Graph Attention Based Prioritization of Disease Responsible Genes from Multimodal Alzheimer's Network
arXiv:2603.02273v1 Announce Type: new Abstract: Prioritizing disease-associated genes is central to understanding the molecular mechanisms of complex disorders such as Alzheimer's disease (AD). Traditional network-based approaches rely on static centrality measures and often fail to capture cross-modal biological heterogeneity. We propose NETRA (Node Evaluation through Transformer-based Representation and Attention), a multimodal graph transformer framework that replaces heuristic centrality metrics with attention-driven relevance scoring. Using AD as a case study, gene regulatory networks are independently constructed from microarray, single-cell RNA-seq, and single-nucleus RNA-seq data. Random-walk sequences derived from these networks are used to train a BERT-based model for learning global gene embeddings, while modality-specific gene expression profiles are compressed using variational autoencoders. These representations are integrated with auxiliary biological networks, includin
arXiv:2603.02273v1 Announce Type: new Abstract: Prioritizing disease-associated genes is central to understanding the molecular mechanisms of complex disorders such as Alzheimer's disease (AD). Traditional network-based approaches rely on static centrality measures and often fail to capture cross-modal biological heterogeneity. We propose NETRA (Node Evaluation through Transformer-based Representation and Attention), a multimodal graph transformer framework that replaces heuristic centrality metrics with attention-driven relevance scoring. Using AD as a case study, gene regulatory networks are independently constructed from microarray, single-cell RNA-seq, and single-nucleus RNA-seq data. Random-walk sequences derived from these networks are used to train a BERT-based model for learning global gene embeddings, while modality-specific gene expression profiles are compressed using variational autoencoders. These representations are integrated with auxiliary biological networks, including protein-protein interactions, Gene Ontology semantic similarity, and diffusion-based gene similarity, into a unified multimodal graph. A graph transformer assigns NETRA scores that quantify gene relevance in a disease-specific and context-aware manner. Gene set enrichment analysis shows that NETRA achieves a normalized enrichment score of about 3.9 for the Alzheimer's disease pathway, substantially outperforming classical centrality measures and diffusion models. Top-ranked genes enrich multiple neurodegenerative pathways, recover a known late-onset AD susceptibility locus at chr12q13, and reveal conserved cross-disease gene modules. The framework preserves biologically realistic heavy-tailed network topology and is readily extensible to other complex disorders.
Executive Summary
This article proposes NETRA, a multimodal graph transformer framework for prioritizing disease-associated genes. NETRA integrates gene regulatory networks, protein-protein interactions, Gene Ontology semantic similarity, and diffusion-based gene similarity into a unified multimodal graph. The framework assigns disease-specific and context-aware relevance scores to genes using attention-driven relevance scoring. In an Alzheimer's disease case study, NETRA outperforms traditional centrality measures and diffusion models in gene set enrichment analysis. Top-ranked genes enrich multiple neurodegenerative pathways, recover a known late-onset AD susceptibility locus, and reveal cross-disease gene modules. NETRA preserves biologically realistic network topology and can be extended to other complex disorders.
Key Points
- ▸ NETRA is a multimodal graph transformer framework for prioritizing disease-associated genes.

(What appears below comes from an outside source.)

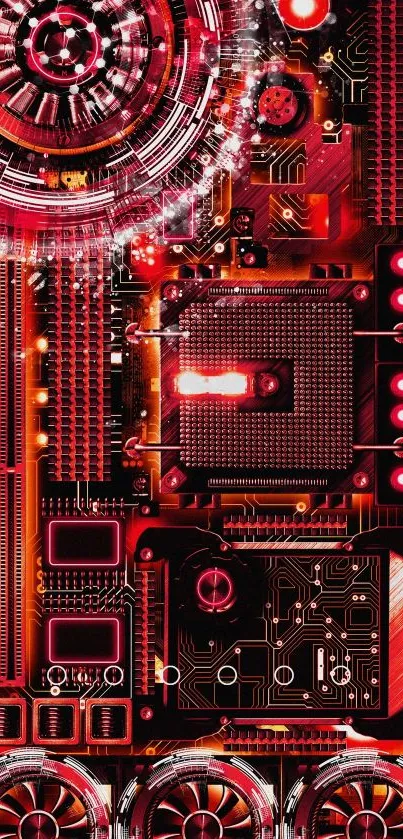 Futuristic red circuit board wallpaper art.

- ▸ NETRA integrates multiple biological networks and assigns attention-driven relevance scores.
- ▸ NETRA outperforms traditional centrality measures and diffusion models in gene set enrichment analysis.
Merits
Strength in addressing biological heterogeneity
NETRA effectively captures cross-modal biological heterogeneity by integrating multiple biological networks, which is a significant improvement over traditional network-based approaches.
Improved gene prioritization
NETRA's attention-driven relevance scoring and multimodal graph structure enable more accurate and context-aware gene prioritization, which is essential for understanding complex disorders.
Demerits
Scalability limitations
NETRA's performance and scalability may be affected by the size and complexity of the integrated biological networks, which could limit its application to extremely large datasets.
Limited domain generalizability
NETRA is specifically designed for Alzheimer's disease, and its performance and generalizability to other complex disorders remain to be evaluated.
Expert Commentary
NETRA presents a promising approach for prioritizing disease-associated genes by integrating multiple biological networks and applying attention-driven relevance scoring. The framework's performance in gene set enrichment analysis and its ability to recover known susceptibility loci are notable achievements. However, scalability limitations and limited domain generalizability are areas that require further investigation. As the field of network medicine continues to evolve, NETRA's contributions to the development of graph-based approaches and its application to Alzheimer's disease research highlight its potential for advancing our understanding of complex disorders.
Recommendations
- ✓ Further evaluation of NETRA's performance and scalability on larger datasets and its application to other complex disorders is necessary to fully assess its potential.
- ✓ The integration of additional biological networks and the development of more advanced relevance scoring methods may further enhance NETRA's performance and generalizability.